The starting point is that businesses generate jobs, profits and innovations; they are a key engine of development. Lessons from the East Asian Miracle – referring to robust, sustained growth in East Asia – hint to the significant contribution of multinational companies investing in poorer nations. Yet, this is not enough: sound public policies and robust governance mechanisms play an essential role as well.
It is no coincidence that discussions on the Swiss Initiative focus on extractive industries. An abundant literature on the so-called resource curse has shown that developing countries that rely heavily on oil and mining exports tend to display poorer development outcomes and weaker institutions. Averting the curse require stronger checks and balance on the political élite together with greater transparency and oversight in the extractive sector.
In sum, the virtuous circle from foreign direct investment to development is not automatic: the governance and policy framework must be fit for purpose. In this context, companies have an important role to play, using their influence for the better.
Over the past three decades, international norms have kept adapting to evolving social expectations. The OECD eventually adopted in 1997 a Convention prohibiting businesses from bribing foreign public officials. Such bribes – which were tax-deductible in Switzerland until 2001 – then became an offence under criminal law.
We can see the same trend in the business and human rights domain. The United Nations launched a Global Compact in 2000, calling on companies to voluntarily align their strategies and operations with international human rights and environmental standards. Eleven years later, States adopted the UN Guiding Principles on Business and Human Rights. The Principles (i) reaffirm states’ obligations to promote respect for human rights, (ii) establish the companies’ responsibility to exert due diligence in identifying, preventing and mitigating business’ impact on human rights, and (iii) call for effective remedies in case of breaches.

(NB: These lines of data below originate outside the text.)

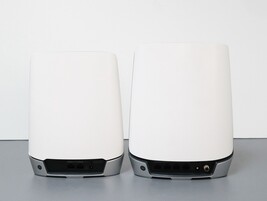 NETGEAR Orbi CBK752 AX5400 Tri-Band Mesh WiFi 6 System (2-Pack) image 6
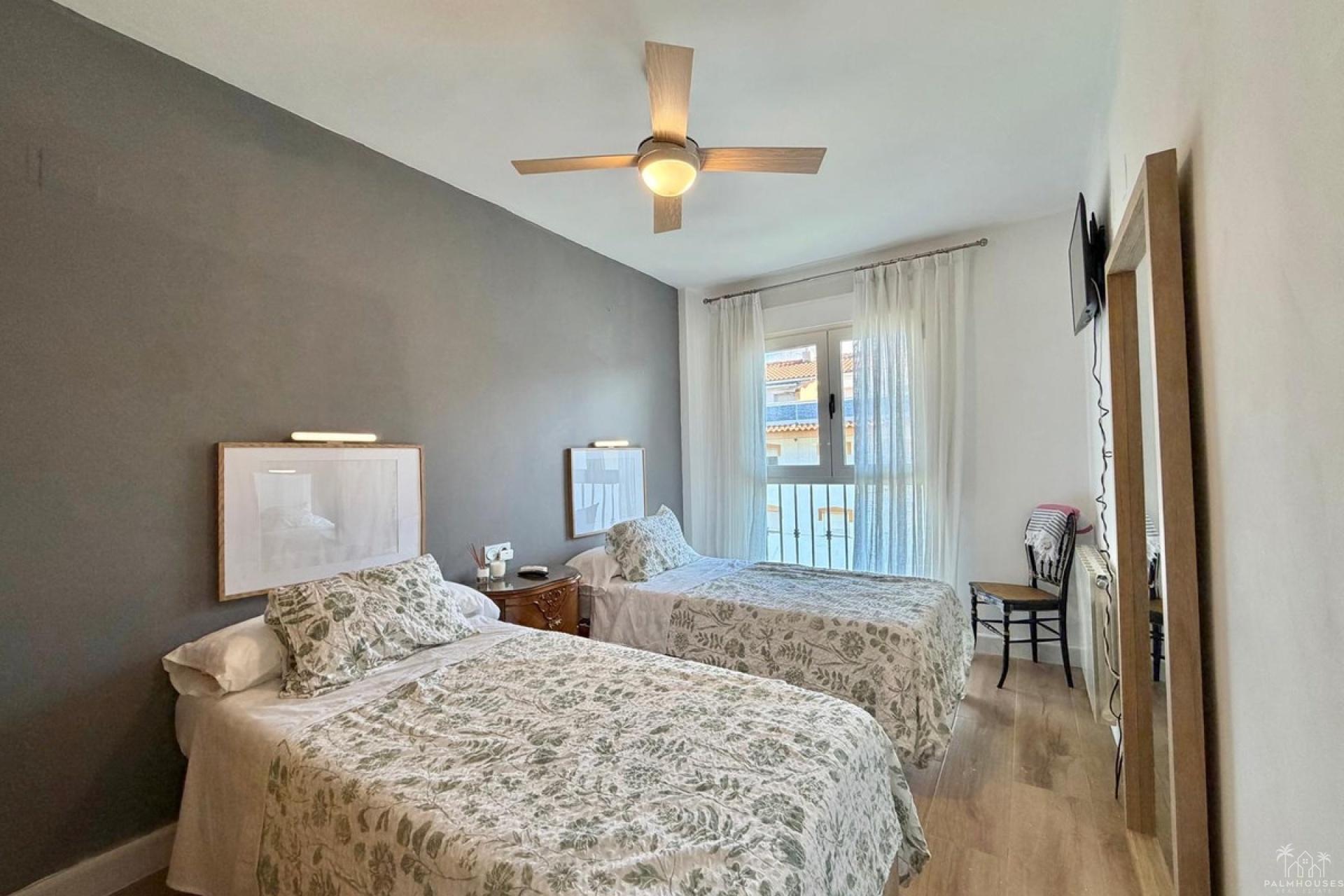 Revente - Apartment - Denia - Denia Centro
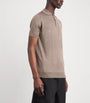 Merino Wool Payton Polo Shirt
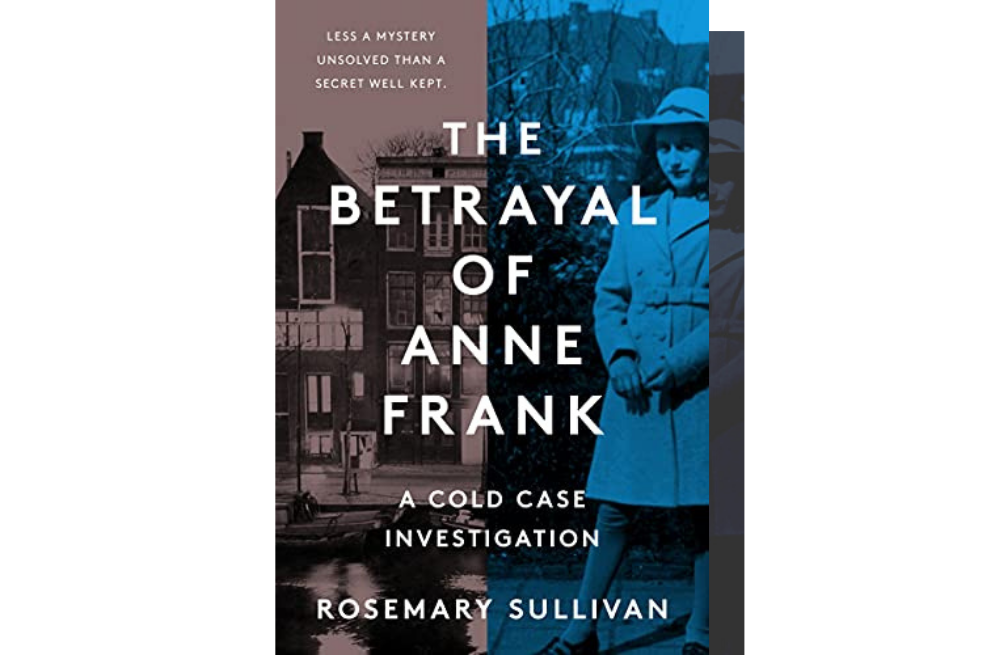 Crece la polémica por el libro “La traición de Ana Frank”, ¿qué dicen sobre él?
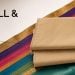 Saree Fall & Edging: The finishing touches that matters most.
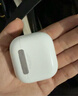 Apple/苹果 AirPods 4 搭配USB-C充电盒 苹果耳机 蓝牙耳机 适用iPhone/iPad/Mac 四代 实拍图
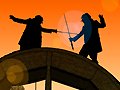 Pirates of the Caribbean — Dead Man’s Chest Fighting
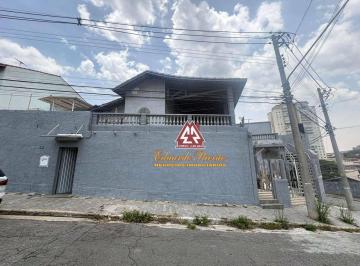 7fb90e467b2712cc645f40f83f669671c6381f51 · Sobrado com 2 dormitórios para alugar - Vila Rosália - Guarulhos/SP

As the UN Guiding Principles were adopted in 2011, Harvard Prof. John Ruggie – who spearheaded the whole process – called on each and every state to adopt measures to implement the Principles. Since then, many states have adopted domestic legislation and mechanisms to ensure respect for human rights and access to remedy in case of breaches. France adopted a Duty of Vigilence Law in 2017 requiring large firms to establish a plan to prevent human rights and environmental harm, including via subsidiaries abroad. Foreigners allegedly harmed can seek reparation in French courts. In common law countries, jurisprudence evolves fast, for example with a judgment of the UK Supreme Court last year stating that litigation related to mining pollution in Zambia can be tried in UK courts, setting a precedent for the potential liability of parent companies for damages caused by subsidiaries abroad. The European Commission and individual EU countries are drafting legislation related to human rights corporate due diligence.
In this context, the Swiss Initiative can be seen as a push by civil society to accelerate domestic implementation of the UN Principles. For a majority of Swiss firms, it is not expected to bring much change as they are either not concerned or already de facto compliant. For a minority, the Initiative shall shift incentives to invest more in human rights and environmental due diligence to be able to demonstrate that subsidiaries do all what they can to identify, prevent and mitigate risks.
Overall, what would be the likely impact of the Initiative if accepted? Enhanced incentives for human rights and environmental due diligence shall contribute to strengthening the sustainable development outcomes of Swiss investments in poorer countries. The implementation law shall not discourage such investments, which are particularly needed in fragile contexts. The Swiss Initiative is part of an important international effort to raise the bar in implementing the UN Principles while providing a fair global level-playing field for business.
Gilles Carbonnier is Professor of Development Economics at the Graduate Institute of International and Development Studies in Geneva. His research focuses on the governance of natural resources, international development policies, and humanitarian action.